7 years 2 weeks 5 days ago Friday, April 07 2017 Apr 7, 2017 April 07, 2017 4:10 AM April 07, 2017 in Pat Shingleton Column
By: Pat Shingleton:

An archived Weatherwise magazine report noted that “wind set down” occurs when strong winds blow over water for an extended period of time, shifting the water body downward. This downward shift causes a low-angle tilt and the upwind, shore water level drops. Here’s an excerpt about the Red Sea. “As the sun sank over the Nile Delta, a man stood on-shore… raising his rod as a howling wind blew from the east.
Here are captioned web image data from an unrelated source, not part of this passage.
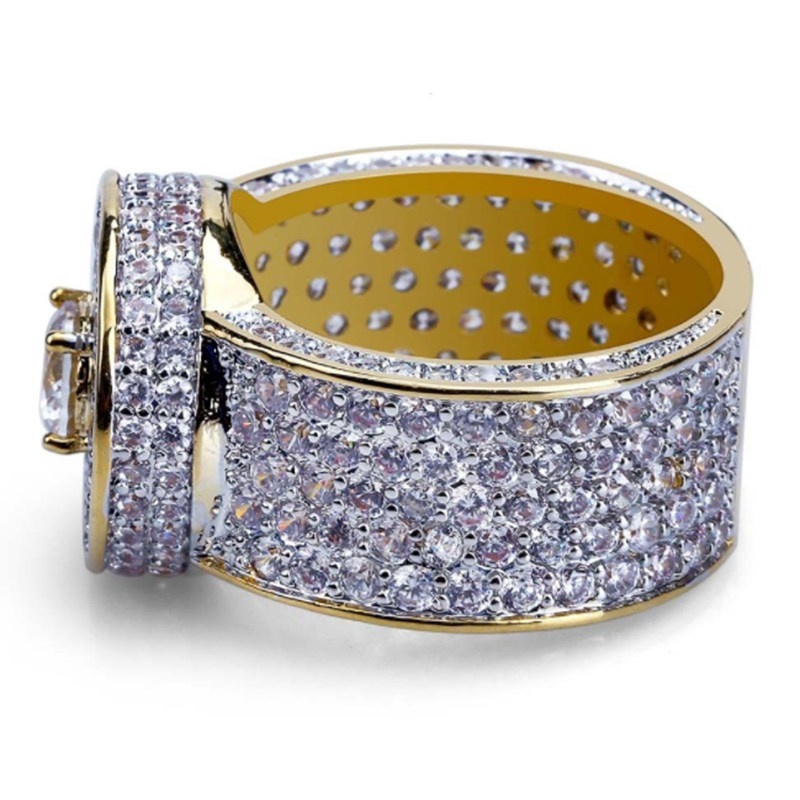 Nhẫn ĐíNh Kim Cương Giả ThờI Trang Cho Nam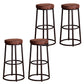 Backless Dining Stool Round Armless Bar Stool with Metal Base 4 Piece Set Upholstered Clearhalo 'Bar Furniture' 'Bar Stools' 'bar_stools' 'furn' 'furn_bar_stools' 'Furniture' 'Kitchen & Dining Furniture' 7419265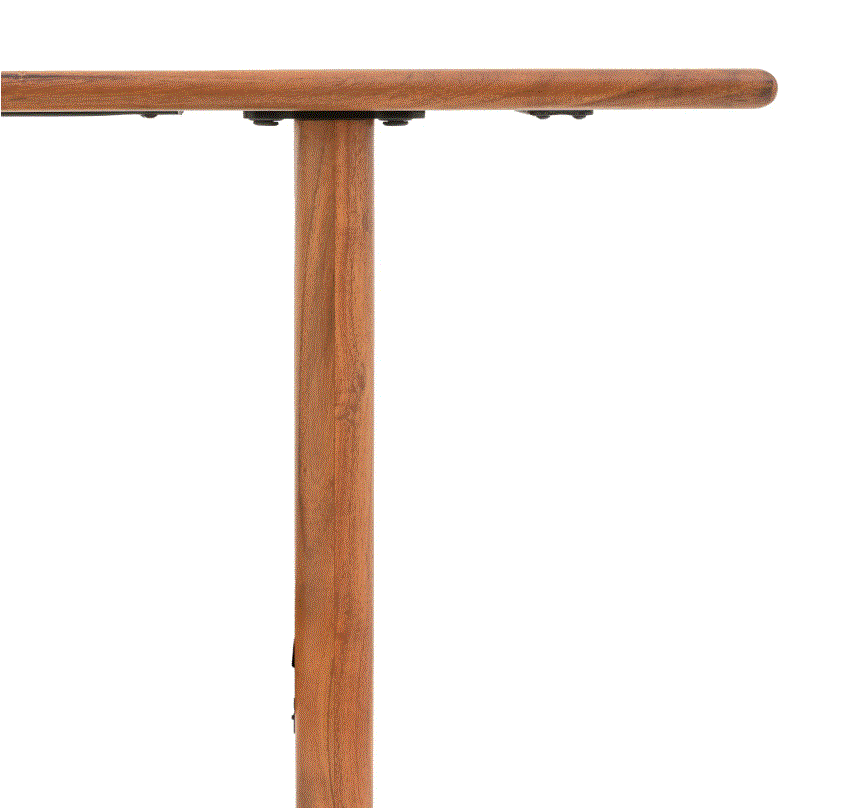 Barbica Wooden Natural Console Table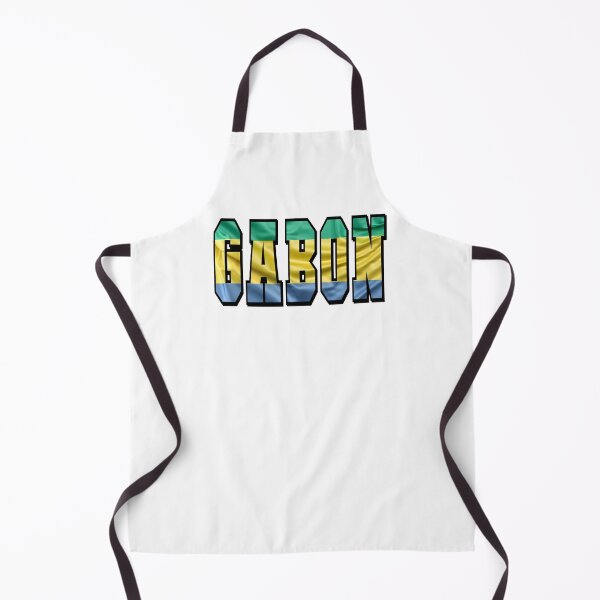 Item preview, Gabon Country Flag Typography designed and sold by TravelWish.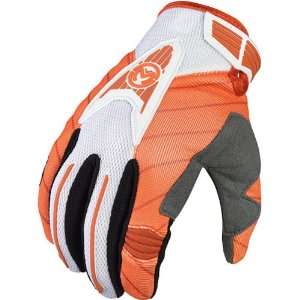   Sahara Adult Dirt Bike Motorcycle Gloves   Orange / Medium Automotive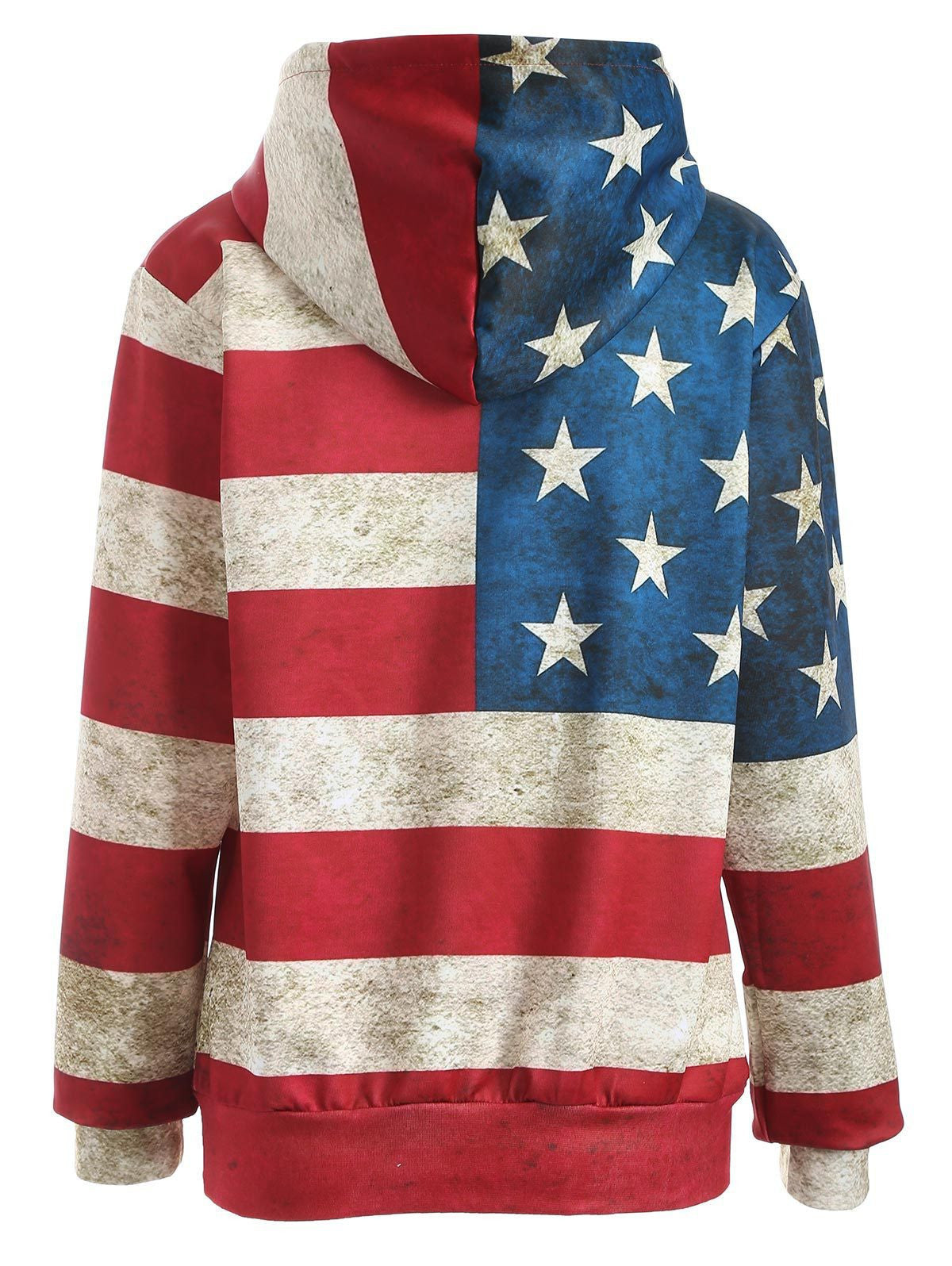 The Flag Of United States 3D Digital Printing Hoodie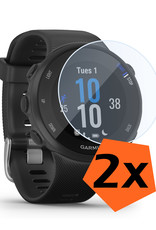 Nomfy Screenprotector Geschikt voor Garmin Forerunner 45 Screenprotector Bescherm Glas - Screen Protector Geschikt voor Garmin Forerunner 45 Screenprotector Tempered Glass - 2 PACK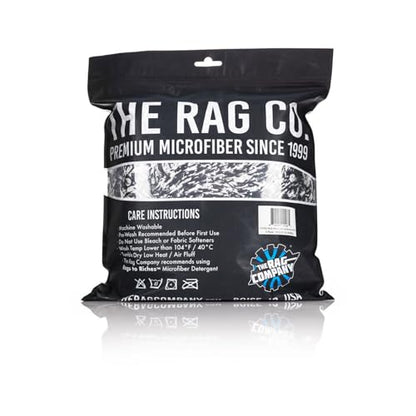 The Rag Company - The Cyclone Ultra Wash Mitt 8in x 9in and Cyclone Ultra Wash Pad 10in x 10in - 70/30 Blend Korean Microfiber, Foam Padding, Scratch-Free, Lint-Free, Black (2-Pack)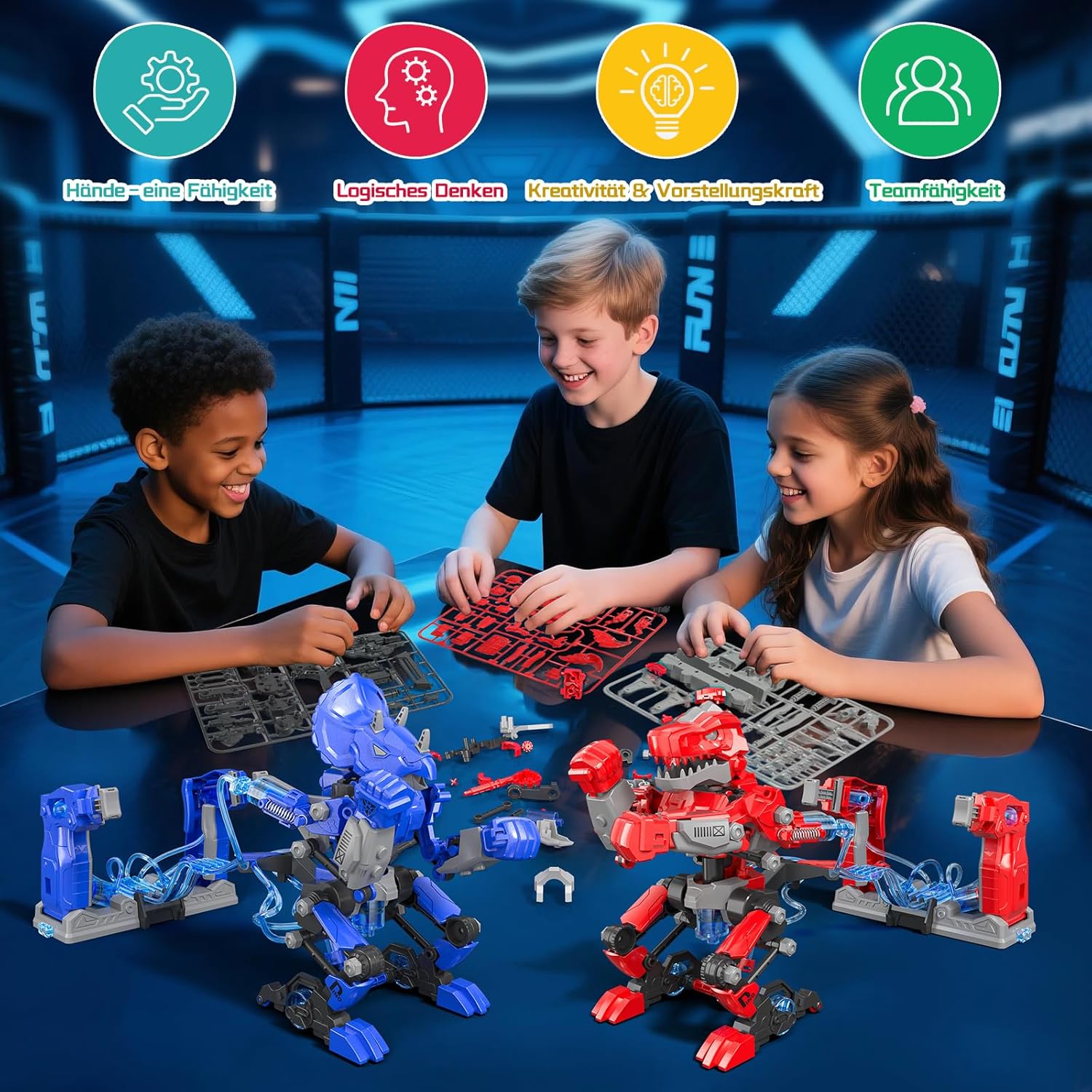 Detalle de STEM Boxing Robot Toys: Build Two Hydraulic Boxing Robots (Science kit for kids aged 8–14)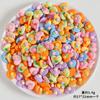 Flores Artificiales Mixtas Resina Accesorios Pequeños Hechos a Mano DIY Pegamento de Crema Pegatinas para Refrigerador Accesorios para Zuecos Accesorios de Parche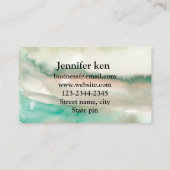 WATERCOLOR Loyalitätskarte Treuekarte (Rückseite)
In the morning the sea was gone, blown to the west; permitting people to walk upon dry ground where the day before fish swam and boats sailed.” The man was not Moses as described in Exodus 14 but Major-General Sir Alexander B. Tulloch, holding a surveyor’s rod, not a staff, in 1882. Researchers believe that “wind set down” is comparable to a hurricane’s storm surge. In the past, on the western end of Lake Erie, “wind set down” events have dropped the lake by 2 meters. At Cedar Key Harbor in Florida in September 6, 2004 a 1 meter drop in water level occurred as Hurricane Frances passed. It then rose 1.5 meters above sea level in nine hours.